Hola amigos tengo el siguiente problema:
Estoy trabajando con comunicacion serial entre un pic, el puerto serial del PC y el puerto serial de una fuente digital la idea final es controlar la fuente desde el pic. ya he diseñado un programa para dicho fin el cual he simulado desde la hyperterminal y el pic, y desde la hyperterminal y la fuente, pero a la hora de conectar el pic y la fuente no he logrado realizar una comunicacion, creo que es algo relacionado con las impedancias de los puertos del pic y la fuente. Alguien sabria como realizar un buen acople de impedancias (si esta es la solucion) o algun truquito para solucionar este problema?

Gracias de antemano a todos los que me puedan colaborar


----------



## maunix (Sep 20, 2006)

Arkantos dijo:
			
		

> Hola amigos tengo el siguiente problema:
> Estoy trabajando con comunicacion serial entre un pic, el puerto serial del PC y el puerto serial de una fuente digital la idea final es controlar la fuente desde el pic. ya he diseñado un programa para dicho fin el cual he simulado desde la hyperterminal y el pic, y desde la hyperterminal y la fuente, pero a la hora de conectar el pic y la fuente no he logrado realizar una comunicacion, creo que es algo relacionado con las impedancias de los puertos del pic y la fuente.
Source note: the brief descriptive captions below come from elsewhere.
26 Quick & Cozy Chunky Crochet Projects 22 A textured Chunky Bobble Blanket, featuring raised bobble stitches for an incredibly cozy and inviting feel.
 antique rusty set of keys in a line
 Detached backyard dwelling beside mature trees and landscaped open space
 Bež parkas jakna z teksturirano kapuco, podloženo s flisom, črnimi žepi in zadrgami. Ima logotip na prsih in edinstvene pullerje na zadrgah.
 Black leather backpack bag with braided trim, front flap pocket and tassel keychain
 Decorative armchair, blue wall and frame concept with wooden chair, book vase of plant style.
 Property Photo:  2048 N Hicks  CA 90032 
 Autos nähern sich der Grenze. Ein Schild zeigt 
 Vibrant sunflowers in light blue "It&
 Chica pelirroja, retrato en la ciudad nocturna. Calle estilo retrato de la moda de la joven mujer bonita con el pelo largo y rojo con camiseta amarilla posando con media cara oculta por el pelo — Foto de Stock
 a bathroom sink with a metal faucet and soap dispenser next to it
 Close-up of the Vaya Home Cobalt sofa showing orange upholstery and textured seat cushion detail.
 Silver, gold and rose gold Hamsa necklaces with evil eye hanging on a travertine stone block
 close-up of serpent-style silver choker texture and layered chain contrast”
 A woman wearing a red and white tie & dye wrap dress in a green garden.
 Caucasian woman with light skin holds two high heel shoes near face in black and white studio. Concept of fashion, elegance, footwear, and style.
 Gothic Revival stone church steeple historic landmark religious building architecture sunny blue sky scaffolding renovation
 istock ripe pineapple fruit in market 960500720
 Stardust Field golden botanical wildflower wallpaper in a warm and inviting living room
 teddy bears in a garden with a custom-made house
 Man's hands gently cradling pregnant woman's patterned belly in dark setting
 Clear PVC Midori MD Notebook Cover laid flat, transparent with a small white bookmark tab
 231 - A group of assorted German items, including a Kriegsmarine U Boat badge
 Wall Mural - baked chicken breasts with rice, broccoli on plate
Alguien sabria como realizar un buen acople de impedancias (si esta es la solucion) o algun truquito para solucionar este problema?
> 
> Gracias de antemano a todos los que me puedan colaborar



¿La fuente tiene interfaz RS232? o es a niveles TTL?

No hay que adaptar nada, si algo no te funciona es probable que tengas mal alguna señalización o bien que tu fuente esté esperando que le envies el DTR o RTS.

Fíjate lo siguiente

Intenta en el hyperterminal conectarte a la fuente pero poniendo "control de flujo por software".  Si así no se comunica, bueno, es eso.  Necesitas generarle las señales que te acabo de mencionar, una de ellas, o ambas.


Saludos


----------



## eidtech (Sep 20, 2006)

Checa que estes conectando TX con RX y RX con TX.
Tambien podrias usar un sniffer para ver que es lo que esta pasando, te recomiendo el DockLight


----------



## Arkantos (Sep 21, 2006)

Hola gracias por su colaboracion.. 
Maunix: Gracias....tengo la siguiente situcacion: La fuente tiene una interfaz RS232. Como dije ya la he conectado directamente al hyperterminal y desde ahy funciona sin problemas (solo necesito la linea TX y RX y GND) sin control de flujo y asi funciona bien. El problema es cuando trato de conectar el PIC a la fuente usando esta misma configuracion la fuente no responde a los comandos enviados desde el pic.. se ke el programa del PIC esta corriendo bien p´q lo he simulado con el hyperterminal y todo va bien pero no se p´q no funciona con la fuente( estoy usando un MAX232 con su configuracion tipica y he probado con condensadores de 0.1 y 1 uF.
Eidtech: Si ya revise eso y nada.. Gracias


----------